Repeat word for word the lines from the one containing "Ecuador & Galapagos" to the end of the material below, and leave all pictures out.
DATASET CONTENT Block Start
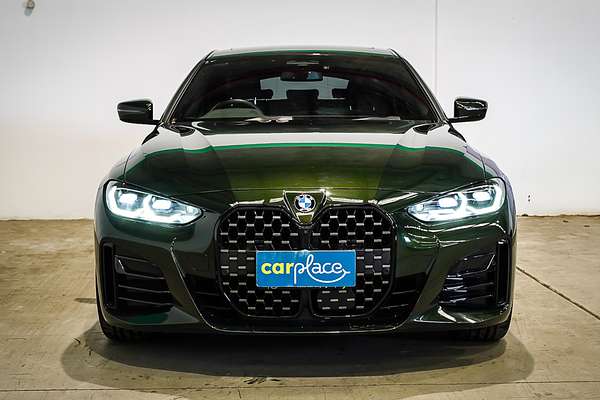 2022 BMW 4 Series 430i M Sport G26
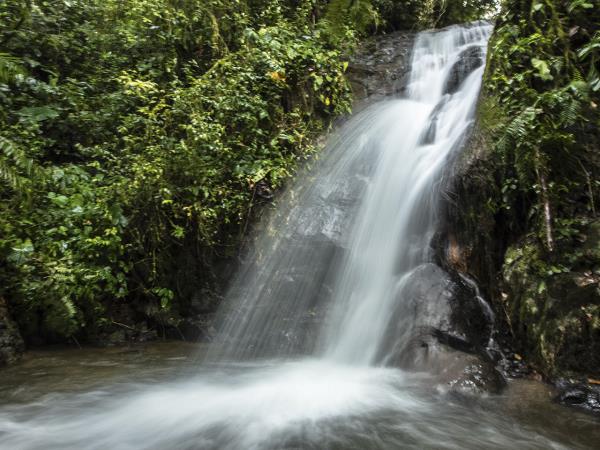 Ecuador & Galapagos active adventure vacation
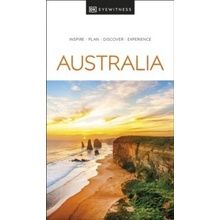 DK Eyewitness Australia Dorling Kindersley (UK)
DATASET CONTENT Block End
SOLUTION:
 Ecuador & Galapagos active adventure vacation
 DK Eyewitness Australia Dorling Kindersley (UK)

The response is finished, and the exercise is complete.